Urban columnist and author SHAWN MICALLEF will be visiting Windsor Public Library (850 Ouellette Avenue) on Thursday, May 25, 2017. The 7 pm appearance is the third in a series which Windsor Public Library has scheduled to commemorate Canada’s 150th birthday. He will be in conversation with WPL Board Director and City of Windsor Councillor, Rino Bortolin.
Born and raised in Windsor and a graduate of St. Anne’s HS and the University of Windsor, Shawn Micallef is now a Toronto-based urban expert. He is the author of Stroll: Psychogeographic Walking Tours of Toronto and Full Frontal TO (nominated for the 2013 Toronto Book Award). He also writes a weekly column for the Toronto Star, and is a senior editor and co-owner of the independent, Jane Jacobs Prize-winning magazine Spacing.

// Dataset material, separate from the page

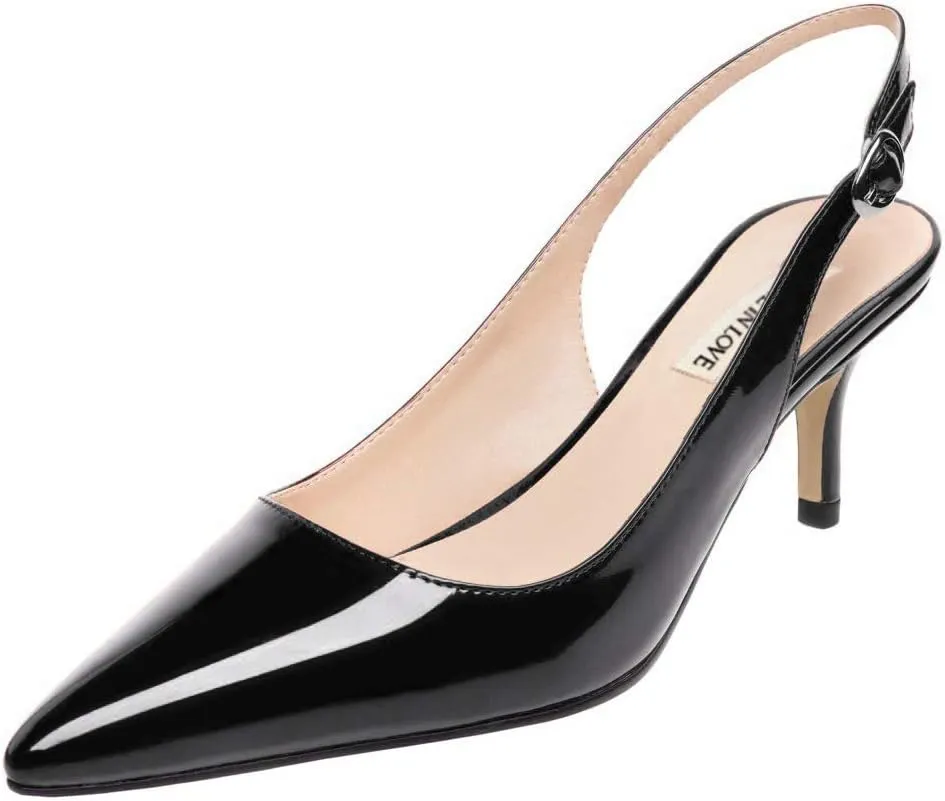 JOY IN LOVE Kitten Heels for Women Slingback Pumps Sandals Pointy Toe Pumps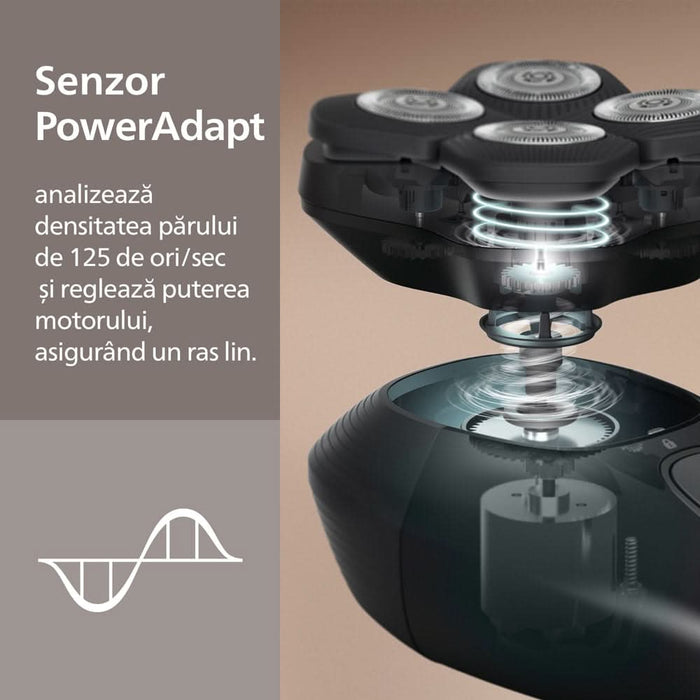 Aparat de ras pentru cap PHILIPS Pro Series 7000 HS7980/15, autonomie 90 min, 4 elemente de ras, argintiu WALTI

Micallef explores public spaces, and both speaks and writes about downtowns, suburbs, and what makes them great. He is a leading authority on Canadian urbanism; while he has written extensively on our provincial capital, he has also written about Windsor. He also co-founded [murmur], a mobile documentary project started in Toronto that blends storytelling with urban landscapes; the project has now spread to more than 20 countries.
He teaches at the University of Toronto, and OCAD University. A 2011-2012 Canadian Journalism Fellow at the University of Toronto’s Massey College, Shawn was also the Toronto Public Library’s urban focused Writer in Residence in 2013. His newest book, Frontier City: Toronto on the Verge of Greatness, was published in February 2017.
The community is invited to attend this free event to hear Shawn talk about his work and then join him and Councillor Bortolin for a walking tour of the Windsor landscape around Central Library.
Great to see the Windsor Public Library bringing in Civic minded speakers. Missed Shawn’s lecture due to a previous engagement, but I was able to catch his walking tour along with Councillor Bortolin. Interesting that Councillor Bortolin added new insight during the tour, of a proposed senior retirement project planned for an empty site near the Main Library. The Councillor also stressed the point of a large concentration of people living in vertical apartment buildings in close proximity to Windsor’s Main Library. It begged the question why the City and Library Board would ever even consider potentially abandoning such a great Main Library building to relocate lesser elsewhere. At the end of his tour, Shawn also mentioned his memory of his mother working at Windsor Utilities as we walked by that building. It has been said that Canadians more than many other nationalities, seem to define themselves by their jobs. Reminded how terrible it must be for so many Canadians prevented from working or unable to find work.